Of the nearly 760 trafficked or unaccompanied children who disappeared from care homes across the UK last year, over 200 have not been found, according to a study by ECPAT UK and Missing People charities published on Tuesday.
The study found that over 160 children went missing at least once in the 12-month period leading to September 2015. That is more than a quarter of all trafficked children in the UK care system.
Additionally, 593 of the 4,744 unaccompanied child asylum seekers placed under the protection of local authorities had disappeared at least once in the same period.
This means that from September 2014 to September 2015, care services were responsible for nearly 30 percent of all the UK’s child trafficking victims and 13 percent of missing unaccompanied children.
The two charities said the data they had collected from 200 local authorities underscored the need to reform the child protection system in Britain.
Chloe Setter, from ECPAT UK, which mainly focuses on child trafficking, said the fact that the issue of vulnerable children going missing had “remained neglected” amounted to a “national disgrace.”

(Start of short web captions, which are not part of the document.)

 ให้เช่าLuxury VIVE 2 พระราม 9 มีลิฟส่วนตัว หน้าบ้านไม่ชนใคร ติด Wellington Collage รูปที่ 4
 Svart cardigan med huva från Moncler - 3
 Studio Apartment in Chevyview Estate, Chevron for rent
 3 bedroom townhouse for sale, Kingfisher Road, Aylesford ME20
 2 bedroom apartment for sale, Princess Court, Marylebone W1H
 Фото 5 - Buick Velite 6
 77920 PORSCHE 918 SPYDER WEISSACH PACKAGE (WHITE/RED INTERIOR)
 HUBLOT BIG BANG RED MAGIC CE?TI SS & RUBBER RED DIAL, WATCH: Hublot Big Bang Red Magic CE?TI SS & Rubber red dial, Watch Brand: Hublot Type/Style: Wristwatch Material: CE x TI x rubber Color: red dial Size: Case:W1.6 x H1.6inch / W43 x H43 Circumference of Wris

“We must not accept this as a reality any longer. Every child that goes missing is a failure in our duty to protect them from harm,” she added.

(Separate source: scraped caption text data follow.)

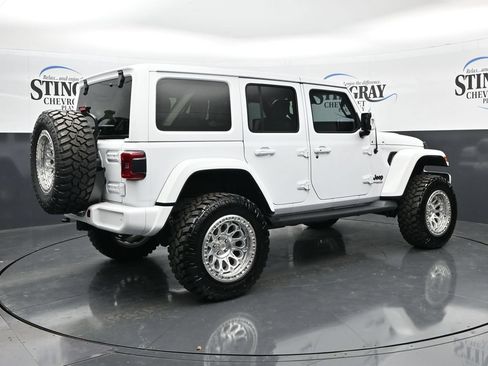Used 2022 Jeep Wrangler Unlimited Sahara AWD/4WD image 7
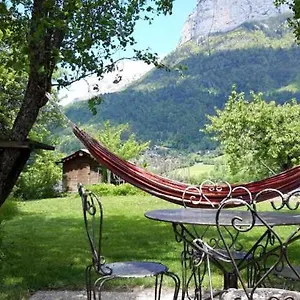 le-gite-de-la-maison-soleil.hotels-rhonealpes.com/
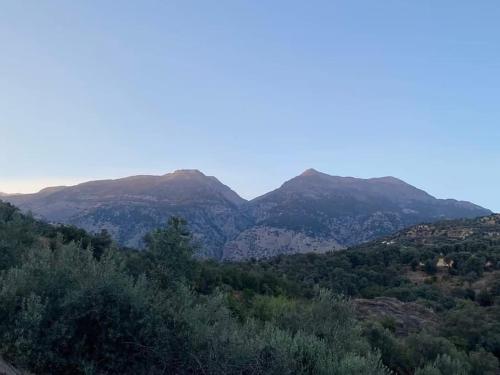 a mountain range with trees and mountains in the background at MARINOS House WANDERN&ENTSPANNEN am Fusse des Psiloritis in Kamárai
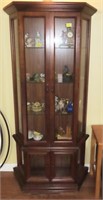1980'S CURIO CABINET WITH GLASS SHELVES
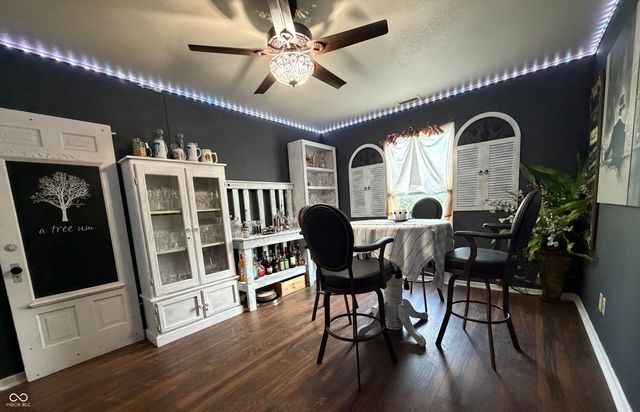 7821 Edgemanor Court, Indianapolis, IN 46239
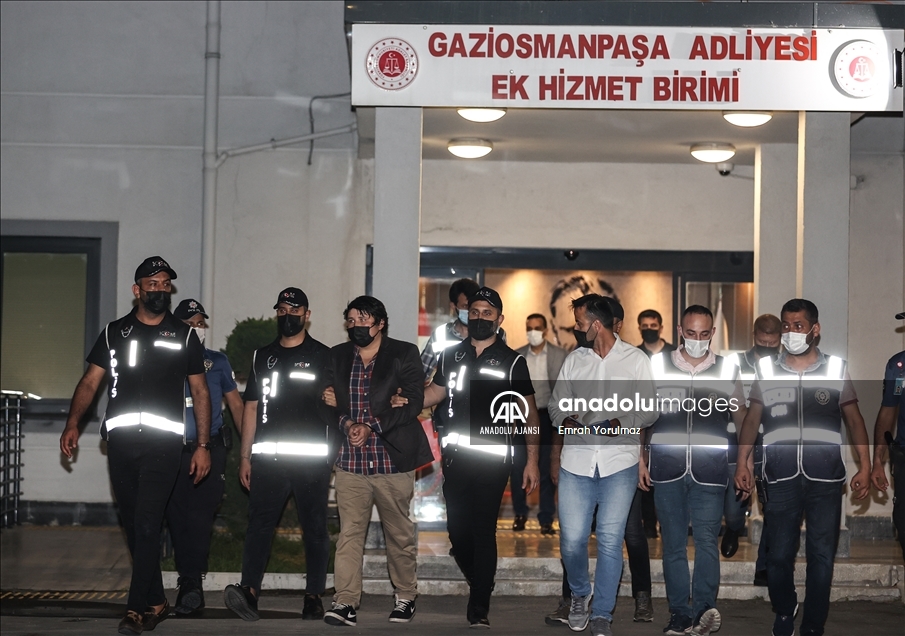 "Tosuncuk" lakabıyla tanınan Çiftlik Bank kurucusu Mehmet Aydın, Türkiye'ye getirildi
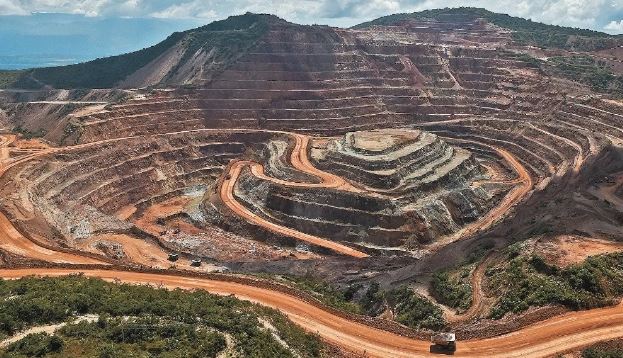 ¿Otra reforma más? AMLO va por reforma estructural en la industria minera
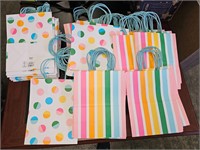 Wholesale Bundle - Gift Bag Assortment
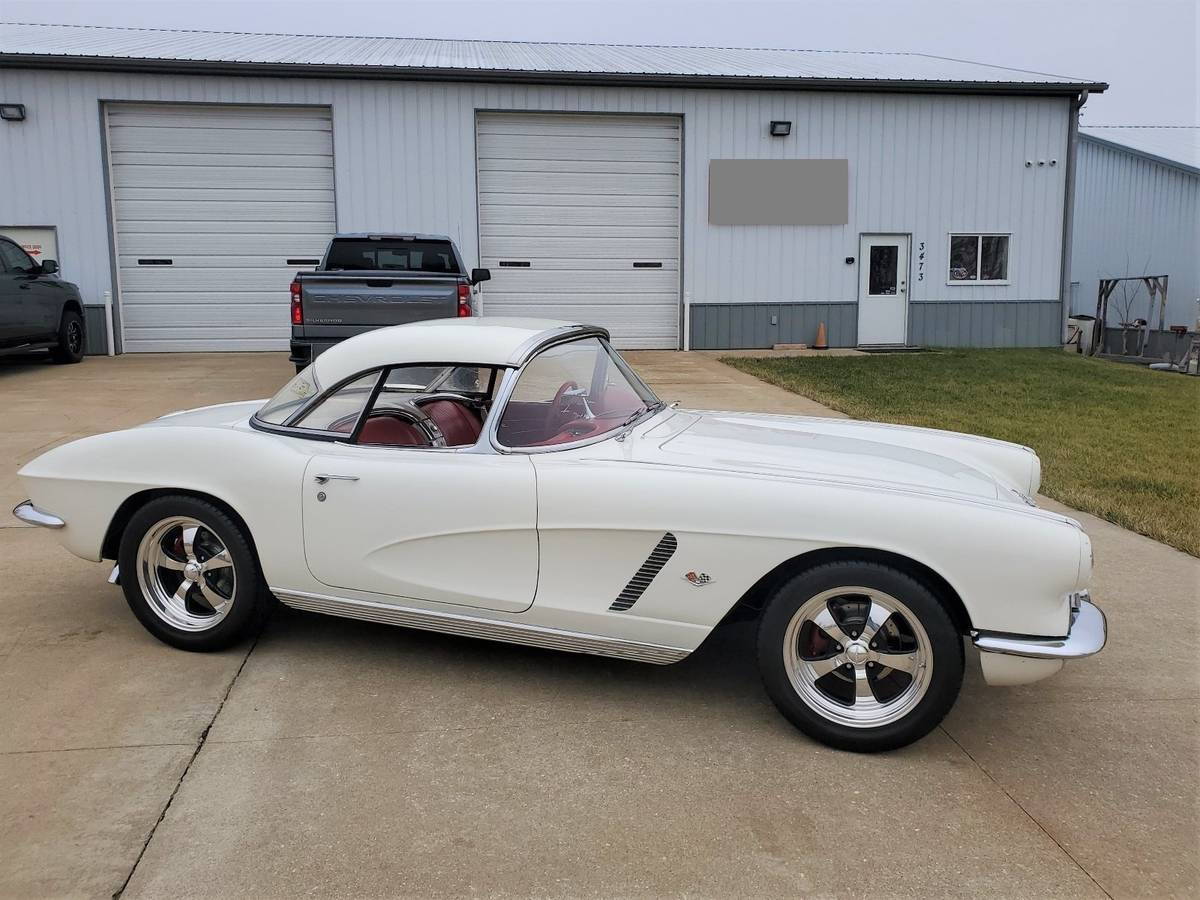 FS For Sale 1962 Vette on Craigslist Minnesota not mine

Susannah Drury, from Missing People, called on the law enforcement to treat the trafficked or unaccompanied children who go missing as “high risk” and prioritize their safety over “any questions about their immigration status or criminal activity.”
The report came amid international calls on the UK to take its share of responsibility with regards to the thousands of refugees who are living in a makeshift camp in Calais, France.
The UK government raised many eyebrows in early September by announcing its plans to build a 13 feet (3.9 meters) wall in order to minimize the refugee flow from the camp, which houses 3,000 children.